The lug-to-lug length is 50mm. The length of each lug is 5mm. So guys, time to measure your wrist width!


----------



## upupa epops (Apr 24, 2016)

*strikes another one off the list of potential purchases*

Thanks Ivanos, appreciate this info...

Interesting how so many, dare I say all, reviews of watches will give you the diameter, the thickness and the L2L width but not the L2L lenght.


----------



## ivanos (Jun 25, 2016)

upupa epops said:


> *strikes another one off the list of potential purchases*
> 
> Thanks Ivanos, appreciate this info...
> 
> Interesting how so many, dare I say all, reviews of watches will give you the diameter, the thickness and the L2L width but not the L2L lenght.
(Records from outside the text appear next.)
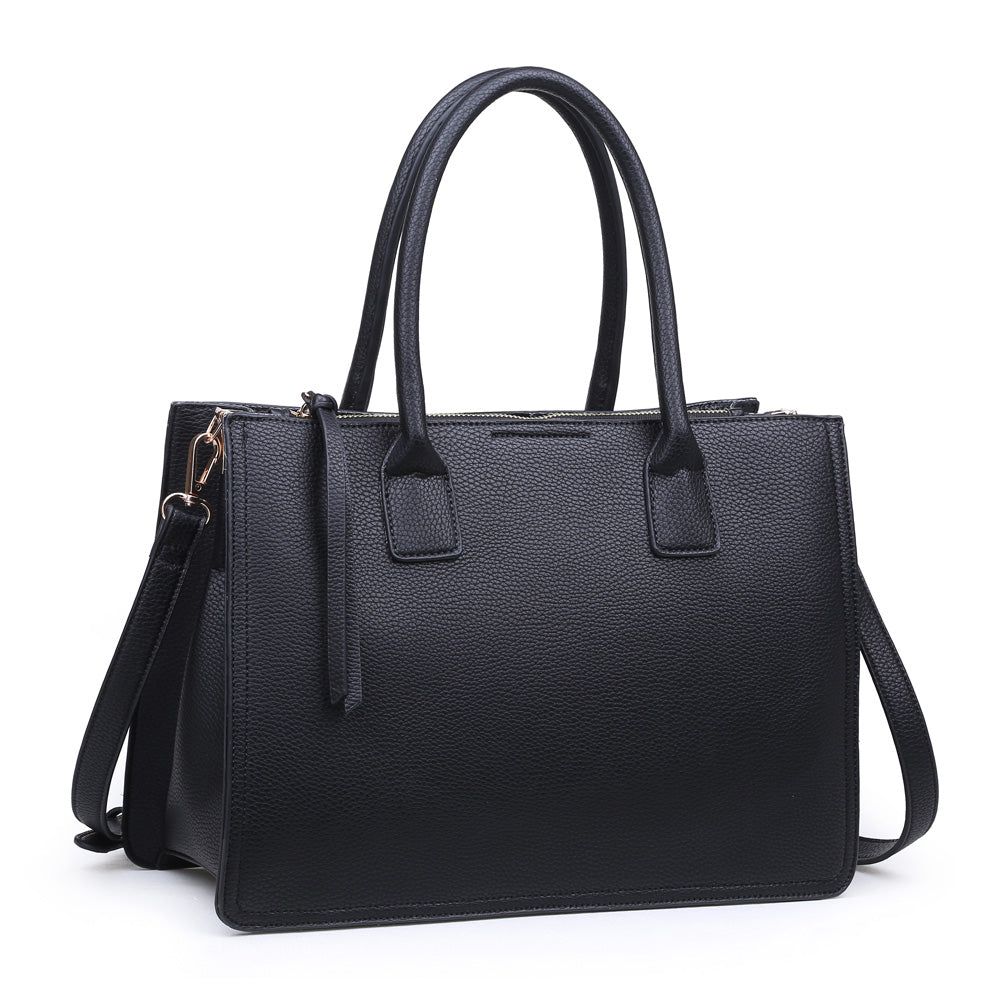 Product Image of Moda Luxe Amanda Satchel 842017116356 View 2 | Black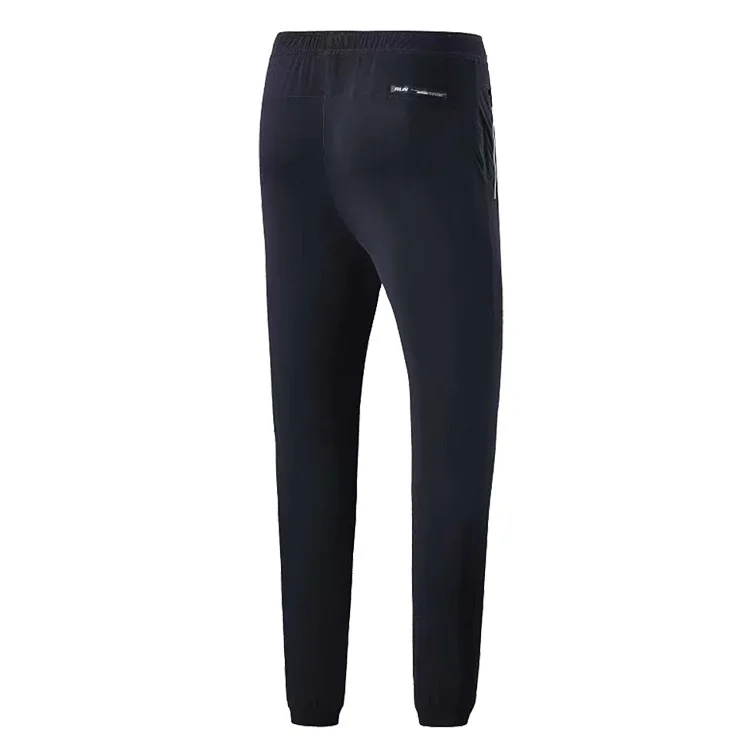 

High-End Athletic Pants Men's Trousers 2018 Summer New Style Double-Diameter Series LYCRA Gymnastic Pants Closing Casual Pants W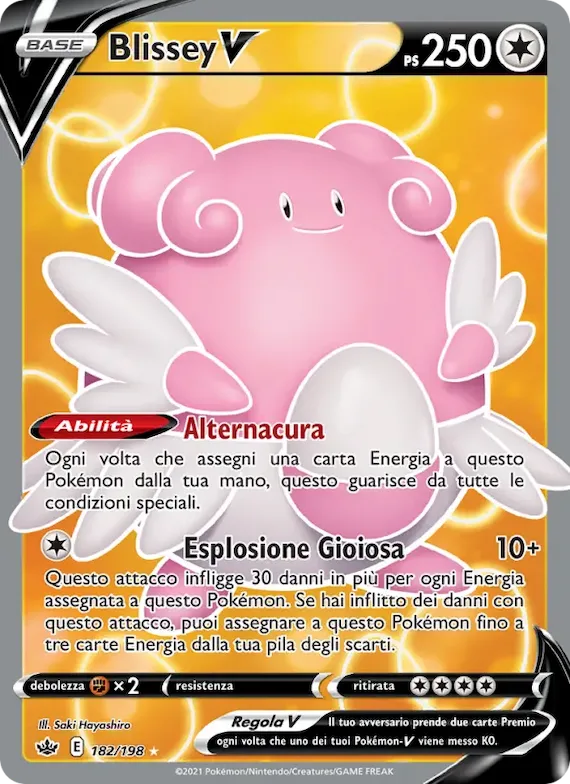 Blissey V 182 – Regno Glaciale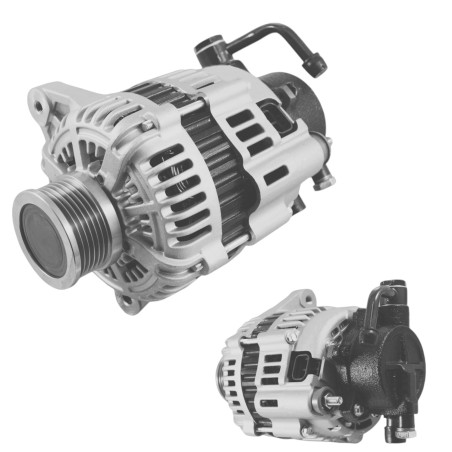 ALTERNADOR HYUNDAI KIA 01-10 C/BOMBA 120AMP 12V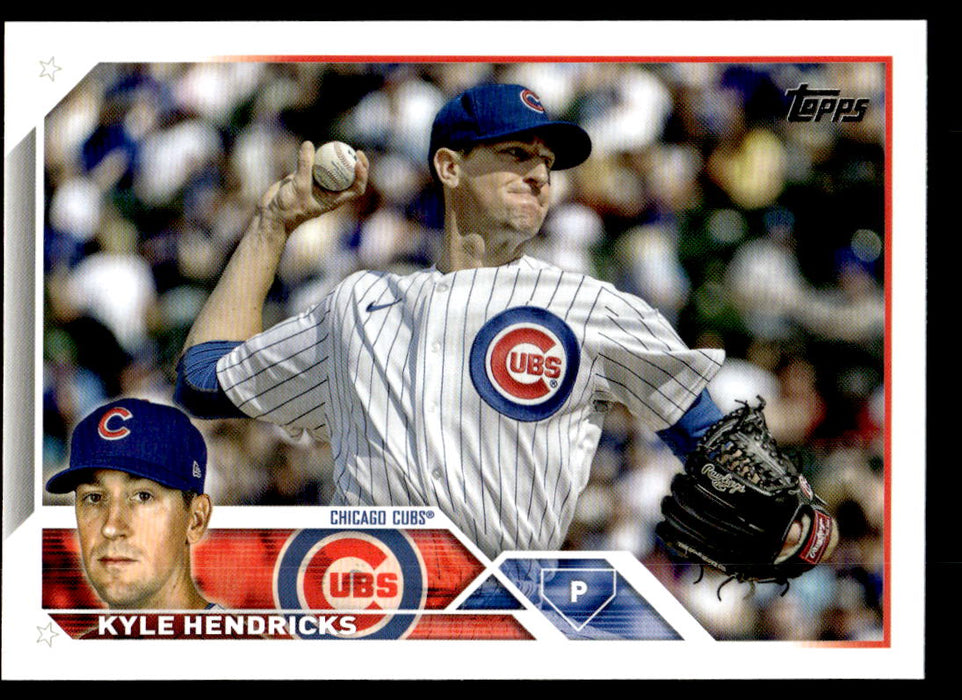 Kyle Hendricks 2023 Topps Series 1 Base Front of Card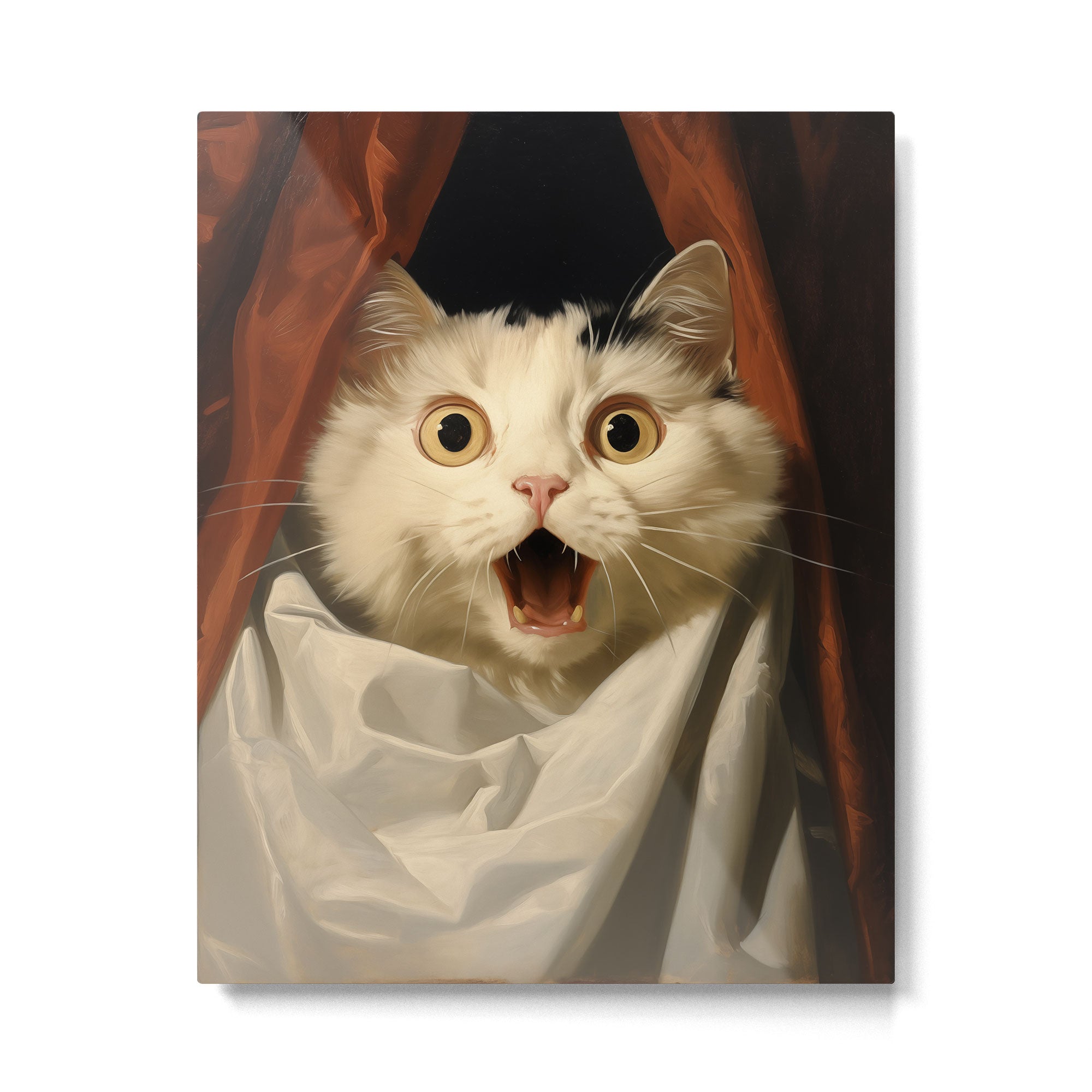 Shocked Cat V Metal Print Gallery Image 4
well, that community simply hasn't got this point may I say. But on ther other hand, this may in part due to the large-watch trend over past decade and many people just don't care much about this consideration.


----------



## Dufresne (Dec 20, 2012)

L2L and dial/crystal diameter should be included in every spec sheet!!


Sent from my iPhone using Tapatalk


----------



## LeslieL (May 24, 2016)

Thanks so much for the useful information !


----------